Suppose that the tool vector in workpiece coordinate system ($O_{wx},O_{wy},O_{wz}$) is defined to be pointed at a fixed point $\left(x_c, y_c,z_c\right)$. Then, the tool vector can be represented as:

$$\left(O_{wx},O_{wy},O_{wz}\right)=\begin{array}{r}\hfill \frac{\left(x_w-x_c, y_w-y_c, z_w-z_c\right)}{\sqrt{{\left(x_w-x_c\right)}^2+{\left( y_w-y_c\right)}^2+{\left( z_w-z_c\right)}^2}}\end{array}$$

(3)

2.2. Dynamic Equation

The dynamic equation of this system can be obtained using the Euler-Lagrange approach and can be written as [17,18]

$$M\left({\xi }_m\right){\ddot{\xi }}_m+C\left({\xi }_m,{\dot{\xi }}_m\right){\dot{\xi }}_m+g\left({\xi }_m\right)=\tau ,$$

(4)

where ${\xi }_m={\left[x_m,y_m,z_m,{\theta }_{Am},{\theta }_{Cm}\right]}^T$; $M\left({\xi }_m\right)\in R^{5\times 5}$ is the inertia matrix, $C\left({\xi }_m,{\dot{\xi }}_m\right)\in R^{5\times 5}$ is the Coriolis and centrifugal forces matrix; $g\left({\xi }_m\right)$ is the gravity force. Equation (4) can be rewritten as

$$\begin{array}{rr}\hfill {\ddot{\xi }}_m& \hfill =f+Gu\end{array}$$

(5)

where $f=-M^{-1}\left(C{\dot{\xi }}_m+g\right)$; $G=M^{-1}$; $u$ is the control input.

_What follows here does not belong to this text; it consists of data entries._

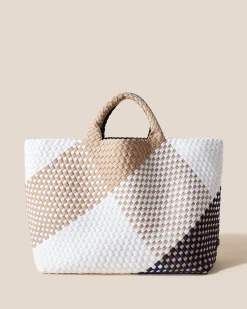 Skulderveske^NAGHEDI St. Barths Large Tote Grafisk Geo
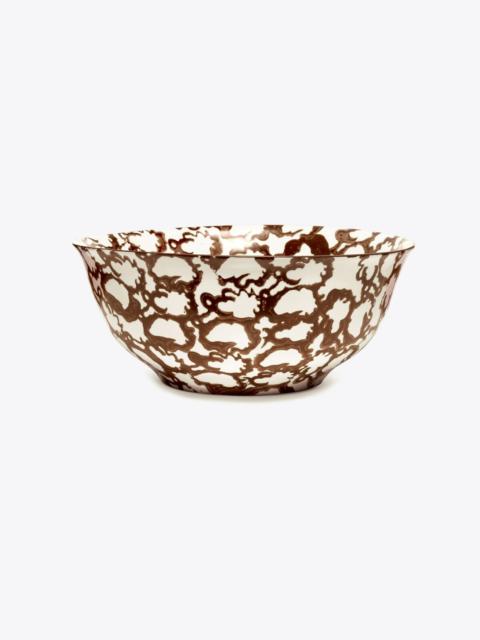 TORY BURCH Spongeware Serving Bowl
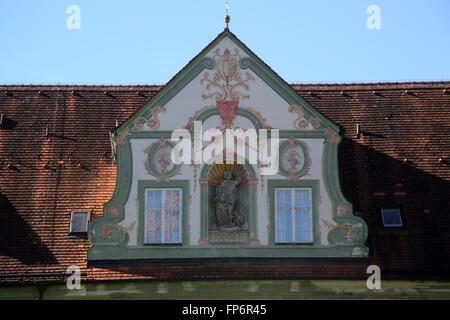 Famosa abbazia di Benediktbeuern, Germania il 19 ottobre 2014. Foto Stock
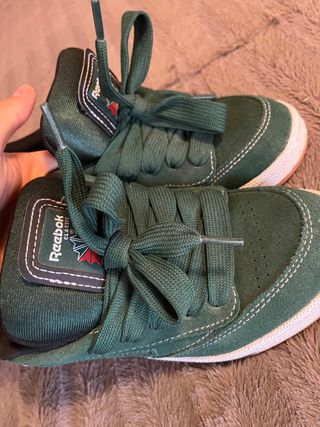 Zapatillas Reebok Verdes y Blancas
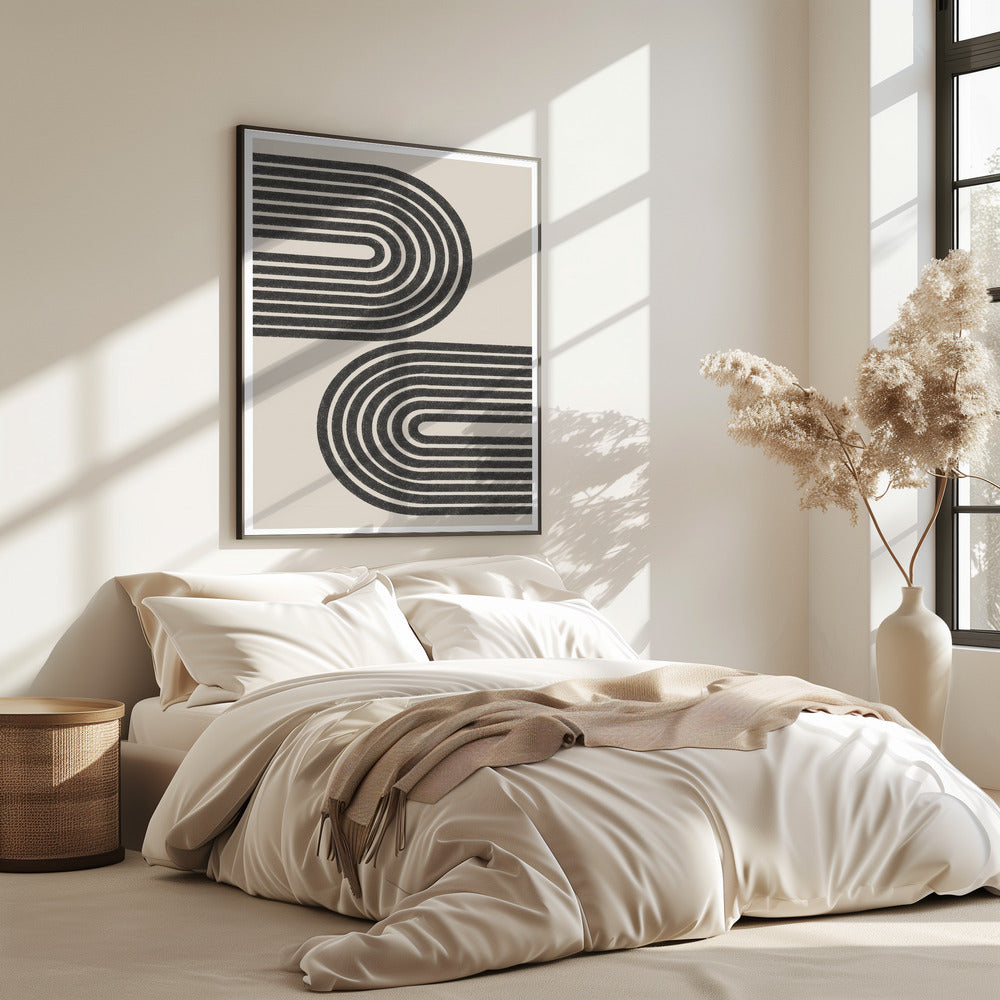 Curved Lines Dance | Poster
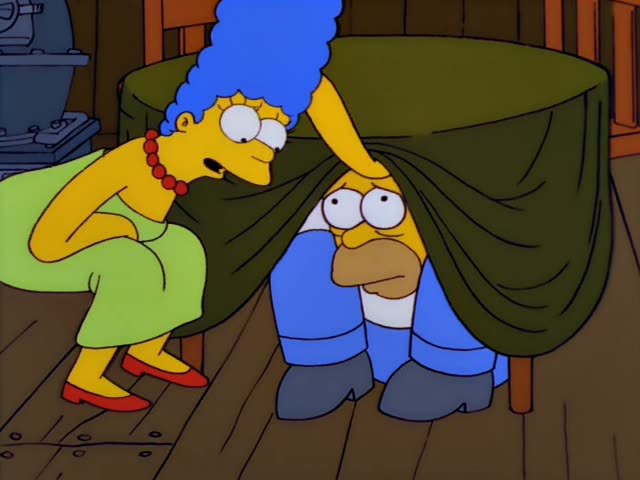 From “Homer Simpson in: Kidney Trouble”: “What is it with you and robots?”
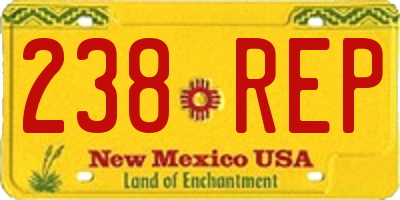 NM license plate 238REP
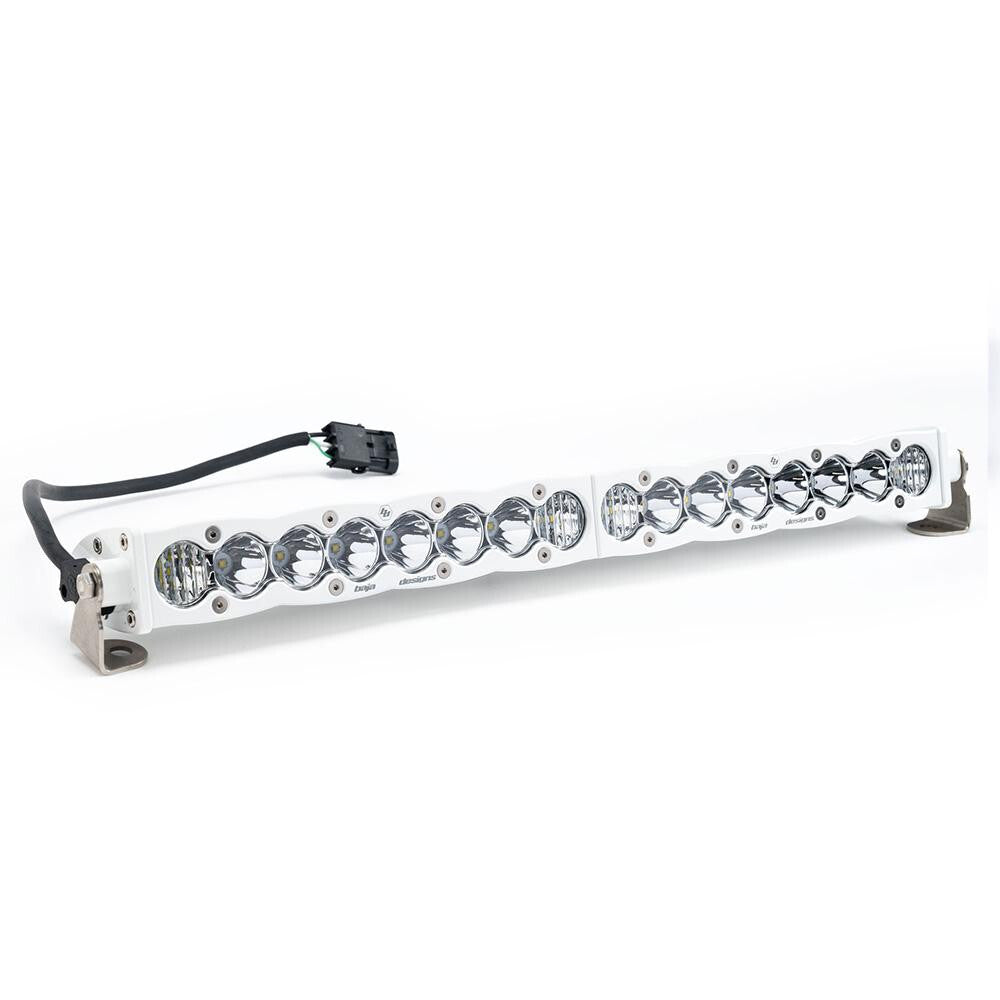 Baja Designs S8 White Straight LED Light Bar, 20 Inch, Driving/Combo, Clear 702003WT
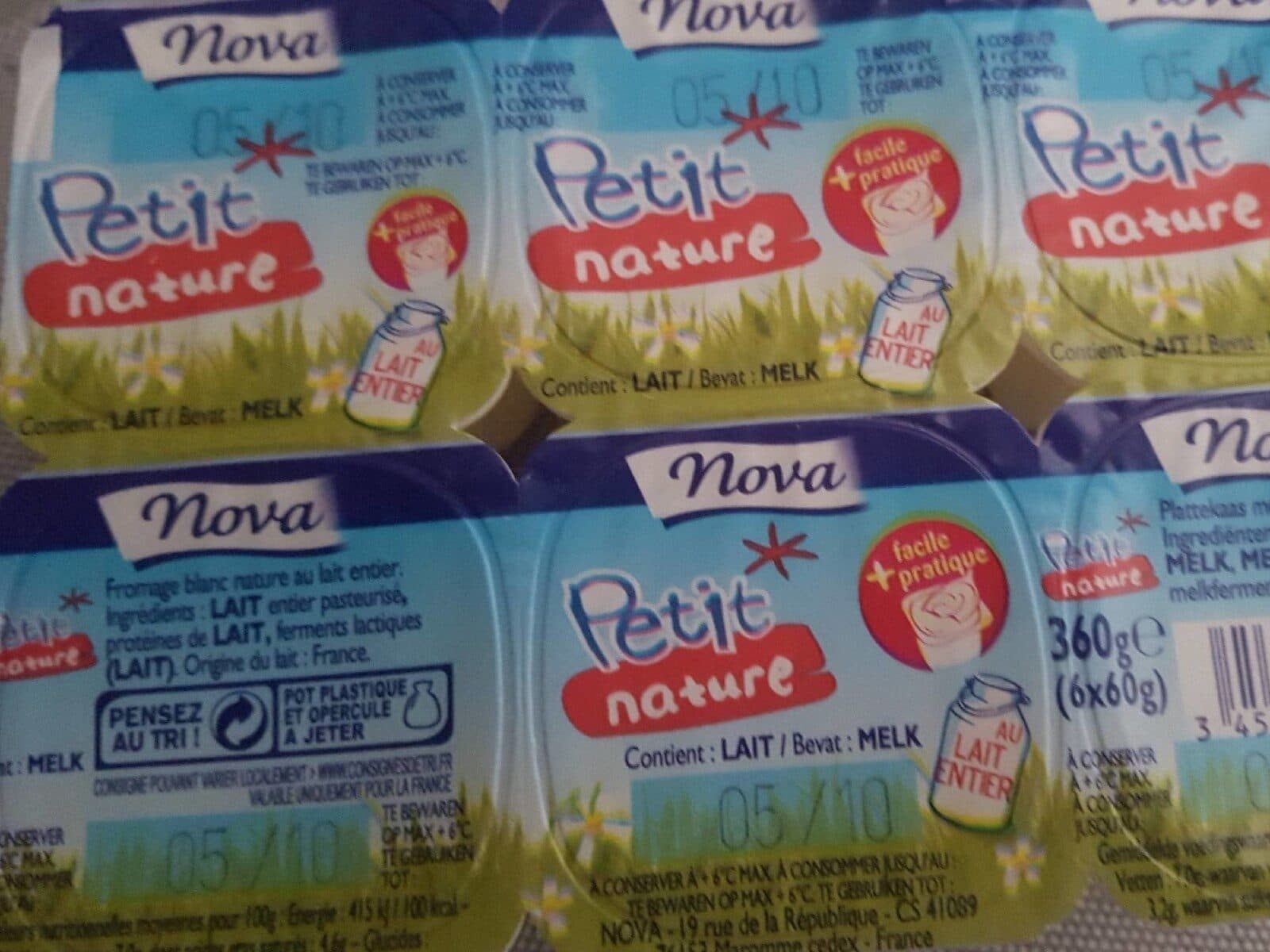 Open Food Facts Petit nature packshot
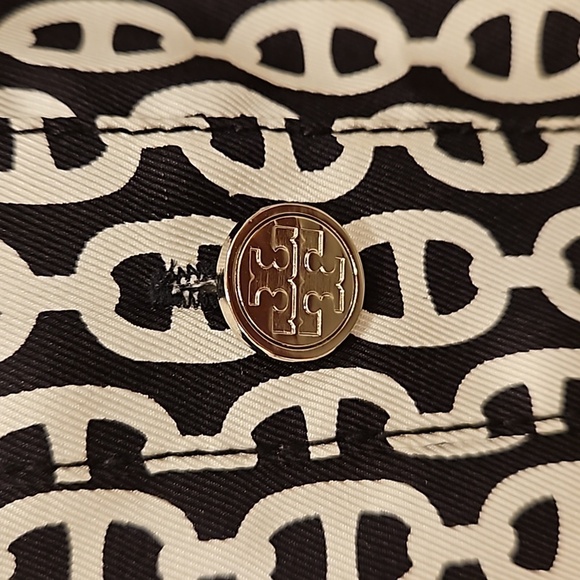 💕TORY BURCH💕 Long Sleeve Button Front Shirt Dress ~ 12 Geometric Chain Print - Picture 6 of 10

3. Equivalent Contour Error Model and Contouring Controller Design

3.1. Equivalent Contour Error for Five-Axis Machine

From Equation (4), one can see that the dynamics of the five-axis machine tool are represented in the five-dimensional generalized coordinates ${\xi }_m$. As discussed in the previous section, the desired commands for the five-axis system are described in the workpiece coordinates, which include the desired path and desired orientation. The contouring control problem of the five-axis system requires: (i) the output position ($x_w$, $y_w$,$z_w)$(the tool center point, TCP) follows the desired path; and (ii) the output tool vector ($O_{wx},O_{wy},O_{wz}$) to be the desired orientation. Thus, it is required not only to reduce the position contour error defined by the distance from the output position to the command path, but also to reduce the orientation error defined by the angle difference between the output tool vector and the desired vector. The conventional approach to this problem is to regard the position contouring and orientation contouring problems as separate problems; thus, their controllers have been designed independently (see, e.g., [13]). However, the dynamics of orientation contouring is in fact coupled with that of position contouring. For better performance, the controller should be designed in an integrated way. To this aim, we reconsider the contouring control problem in the machine coordinates.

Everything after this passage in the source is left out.